Bei Unternehmen mit mehr als fünf Filialen muss die Kennzeichnung direkt am Produkt, am Regal oder in unmittelbarer Nähe erfolgen. Unternehmen mit höchstens fünf Filialen müssen bei mehr als 400 Quadratmetern Verkaufsfläche ein gut sichtbares Informationsschild (mindestens DIN A1) im Eingangsbereich anbringen. Der Hinweis muss verständlich sein, etwa: „Achtung: Weniger Inhalt – höherer Preis“.
Welche Strafen drohen?
Zuständig sind Bezirksverwaltungs- bzw.
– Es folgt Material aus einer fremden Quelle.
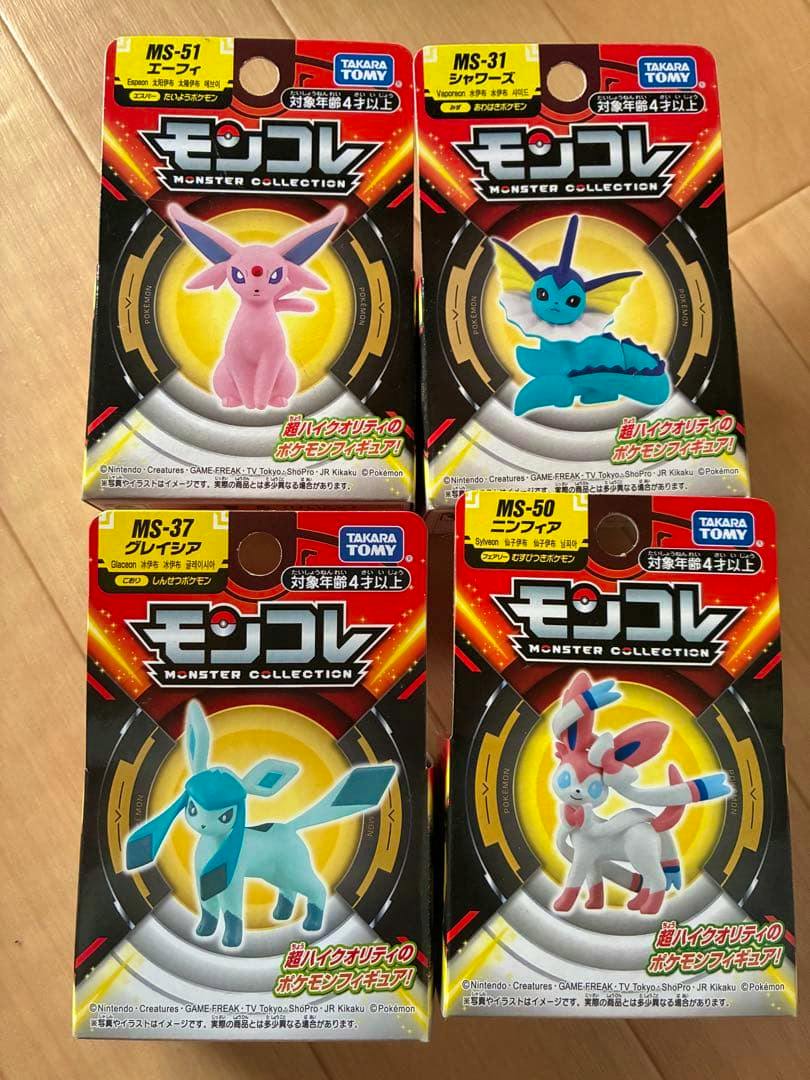 Front view photo of four Takara Tomy Monster Collection Pokémon figure boxes (Espeon, Vaporeon, Glaceon, Sylveon) arranged in a two-by-two grid on a wooden surface.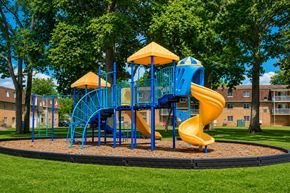 Lansdale apartment for rent - A playground with a blue and yellow slide and a yellow and blue tower.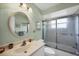 Well-lit bathroom featuring a round mirror, modern fixtures and shower with sliding glass doors at 4058 Oakhurst Dr # 3174, Sarasota, FL 34233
Preisbehörden. Vor einer Strafe ergeht zunächst ein Verbesserungsauftrag. Wird dieser nicht erfüllt, drohen bis zu 2.500 € pro Produkt, maximal 10.000 €. Im Wiederholungsfall sind bis zu 3.750 € pro Produkt, maximal 15.000 € möglich.
Keine Strafe erfolgt, wenn Händler nachweisen können, dass sie vom Hersteller oder Importeur nicht über die Mengenreduzierung informiert wurden. Das Gesetz soll nach derzeitigem Stand mit 30. Juni 2030 außer Kraft treten.